Clause 18 agreed to.

Clause 19 [Combined heat and power]:

Lord Tanlaw moved Amendment No. 7: Page 11, line 28, at end insert ("promote,")

The noble Lord said: The amendment is clear; it asks to insert the word "promote" into the Bill. The worry that I have had over the Bill with regard to combined heat and power has been that it is quite possible, without any alteration to the existing legislation—without having this Bill at all—that the Government and the Department of Energy could say that they are extremely keen on combined heat and power and are doing all that they can to put schemes forward, except that there are problems with economics. The provision has been put into the Bill. The object of the amendment is to elicit from the Government more than just lip service that they will actively promote this method of heat and electricity generation.
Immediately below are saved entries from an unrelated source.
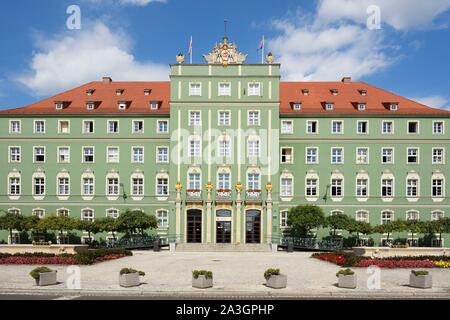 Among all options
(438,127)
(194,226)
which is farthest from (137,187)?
(438,127)

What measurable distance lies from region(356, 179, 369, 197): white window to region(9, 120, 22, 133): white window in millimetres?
35716

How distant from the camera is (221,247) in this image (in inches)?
1892

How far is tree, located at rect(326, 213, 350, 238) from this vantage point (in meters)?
47.4

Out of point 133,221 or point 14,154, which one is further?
point 14,154

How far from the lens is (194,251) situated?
156 ft

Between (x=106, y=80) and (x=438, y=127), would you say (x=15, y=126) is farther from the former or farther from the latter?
(x=438, y=127)

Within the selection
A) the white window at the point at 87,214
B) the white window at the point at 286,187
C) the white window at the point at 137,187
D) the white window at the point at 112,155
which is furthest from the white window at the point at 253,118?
the white window at the point at 87,214

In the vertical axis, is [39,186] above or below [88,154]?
below

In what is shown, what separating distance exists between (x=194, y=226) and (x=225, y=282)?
27201mm

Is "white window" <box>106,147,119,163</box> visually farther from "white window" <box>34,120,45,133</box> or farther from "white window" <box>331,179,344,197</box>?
"white window" <box>331,179,344,197</box>

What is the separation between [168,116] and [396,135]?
23.7 meters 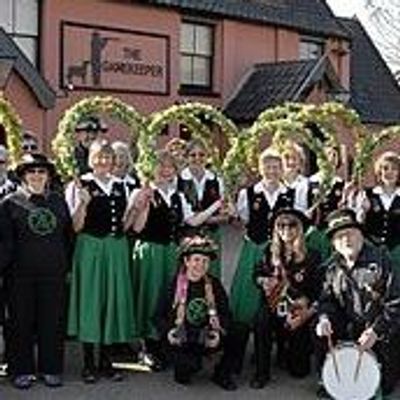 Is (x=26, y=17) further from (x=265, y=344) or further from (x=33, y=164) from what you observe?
(x=265, y=344)

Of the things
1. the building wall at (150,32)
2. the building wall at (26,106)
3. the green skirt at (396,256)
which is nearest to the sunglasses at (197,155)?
the green skirt at (396,256)

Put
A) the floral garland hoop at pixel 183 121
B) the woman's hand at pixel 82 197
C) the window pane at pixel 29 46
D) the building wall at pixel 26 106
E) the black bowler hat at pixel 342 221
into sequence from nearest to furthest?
the black bowler hat at pixel 342 221
the woman's hand at pixel 82 197
the floral garland hoop at pixel 183 121
the building wall at pixel 26 106
the window pane at pixel 29 46

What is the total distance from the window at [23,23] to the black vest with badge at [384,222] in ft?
33.5

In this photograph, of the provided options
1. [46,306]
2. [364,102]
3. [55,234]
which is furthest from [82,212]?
[364,102]

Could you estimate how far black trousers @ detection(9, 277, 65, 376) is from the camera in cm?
730

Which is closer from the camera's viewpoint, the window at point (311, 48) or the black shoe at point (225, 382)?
the black shoe at point (225, 382)

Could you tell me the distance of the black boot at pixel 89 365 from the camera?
744cm

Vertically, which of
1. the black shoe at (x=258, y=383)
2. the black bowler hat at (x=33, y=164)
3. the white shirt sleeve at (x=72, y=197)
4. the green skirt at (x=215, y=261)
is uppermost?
the black bowler hat at (x=33, y=164)

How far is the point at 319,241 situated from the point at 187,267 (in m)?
1.19

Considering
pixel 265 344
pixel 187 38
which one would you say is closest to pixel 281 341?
pixel 265 344

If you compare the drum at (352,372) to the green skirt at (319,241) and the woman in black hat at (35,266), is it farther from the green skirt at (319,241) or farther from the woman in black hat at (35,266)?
the woman in black hat at (35,266)

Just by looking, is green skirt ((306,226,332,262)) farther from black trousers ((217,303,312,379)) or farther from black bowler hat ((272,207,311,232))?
black trousers ((217,303,312,379))

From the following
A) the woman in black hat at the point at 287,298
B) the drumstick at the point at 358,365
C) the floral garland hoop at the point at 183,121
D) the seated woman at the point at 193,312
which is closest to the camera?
the drumstick at the point at 358,365

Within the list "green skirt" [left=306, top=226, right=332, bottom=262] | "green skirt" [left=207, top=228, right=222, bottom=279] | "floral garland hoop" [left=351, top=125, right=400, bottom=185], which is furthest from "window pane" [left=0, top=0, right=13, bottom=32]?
"green skirt" [left=306, top=226, right=332, bottom=262]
I have placed on the Library table and made available to other noble Lords a copy of an extract from Energy Paper No. 35 of 1979 which was put to the Department of Energy. It was entitled Combined Heat and Electrical Power in the United Kingdom. It is quite clear from this paper that for primary energy requirements for the long term (that is, after the year 2000) combined heat and power, with district heating, is by far the most cost-effective way of producing electricity and heat to citizens in any country. Either this paper is completely wrong and misleading or it is right. Therefore, in my view the Government have to clarify their position more than they have done to date.

The object of the amendment is to elicit from the Government whether they are going to promote actively combined heat and power on the basis of Energy Paper No. 35. It is the most effective way of keeping our nation warm and giving people cheap electricity. There are other considerations apart from the obvious environmental ones—and the environmental considerations are considerable. If and when legislation is forced on us, either from Europe or from movements in this country, that the sulphur emissions from coal-fired power stations should be reduced, there are even more and greater reasons why CHP should be used as a standard form of electricity generation on a very large scale indeed.
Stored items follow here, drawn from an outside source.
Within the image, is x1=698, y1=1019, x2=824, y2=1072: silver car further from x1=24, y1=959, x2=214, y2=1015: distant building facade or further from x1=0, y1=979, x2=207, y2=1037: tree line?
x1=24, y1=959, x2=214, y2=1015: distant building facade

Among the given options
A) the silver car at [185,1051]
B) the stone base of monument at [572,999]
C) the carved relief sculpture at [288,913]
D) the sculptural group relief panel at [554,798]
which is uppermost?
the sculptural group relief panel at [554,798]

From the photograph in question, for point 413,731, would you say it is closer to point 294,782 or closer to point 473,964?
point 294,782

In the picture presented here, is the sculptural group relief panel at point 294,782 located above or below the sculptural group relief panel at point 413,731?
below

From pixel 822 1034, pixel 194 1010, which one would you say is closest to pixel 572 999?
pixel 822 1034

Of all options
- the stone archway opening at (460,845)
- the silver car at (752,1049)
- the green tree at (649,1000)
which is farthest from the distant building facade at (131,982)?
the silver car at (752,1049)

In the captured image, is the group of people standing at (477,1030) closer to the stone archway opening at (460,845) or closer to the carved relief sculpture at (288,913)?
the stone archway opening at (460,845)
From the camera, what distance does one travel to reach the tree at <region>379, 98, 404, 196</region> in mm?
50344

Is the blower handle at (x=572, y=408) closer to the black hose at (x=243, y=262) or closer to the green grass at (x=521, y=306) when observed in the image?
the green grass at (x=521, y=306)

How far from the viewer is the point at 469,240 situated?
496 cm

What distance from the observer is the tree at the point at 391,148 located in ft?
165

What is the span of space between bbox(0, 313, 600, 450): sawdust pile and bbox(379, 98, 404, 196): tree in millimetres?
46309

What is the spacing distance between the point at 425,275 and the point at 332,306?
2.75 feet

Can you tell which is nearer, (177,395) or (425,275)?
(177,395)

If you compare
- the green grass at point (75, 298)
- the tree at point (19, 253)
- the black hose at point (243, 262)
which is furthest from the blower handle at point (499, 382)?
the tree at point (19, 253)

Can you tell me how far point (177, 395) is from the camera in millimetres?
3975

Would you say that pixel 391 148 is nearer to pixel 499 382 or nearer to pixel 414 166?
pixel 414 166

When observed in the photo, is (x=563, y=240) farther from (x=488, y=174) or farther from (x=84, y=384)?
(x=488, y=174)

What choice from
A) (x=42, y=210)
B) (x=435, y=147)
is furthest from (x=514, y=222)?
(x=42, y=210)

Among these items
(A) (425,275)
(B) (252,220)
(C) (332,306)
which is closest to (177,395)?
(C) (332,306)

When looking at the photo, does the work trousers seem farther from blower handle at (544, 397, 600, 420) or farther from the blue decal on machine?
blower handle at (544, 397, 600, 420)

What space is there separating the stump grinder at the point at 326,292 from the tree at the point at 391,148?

There is another factor as well. It has been assumed—and I have said in this House on other occasions—that the space heating market after the year 2000 will be covered by the increase in nuclear electricity generation. It will be cost-effective and it will replace gas, which will be too expensive owing to the shortage of supply. From the debate that we have had in this House on other occasions, it is clear that the gas will be available in very large quantities by the year 2000, and that the pure electric space heating market will not be there. It will not be cost-effective. Therefore, it is my conclusion that the Central Electricity Generating Board has to look at combined heat and power as the only way in which it will get into this market at all.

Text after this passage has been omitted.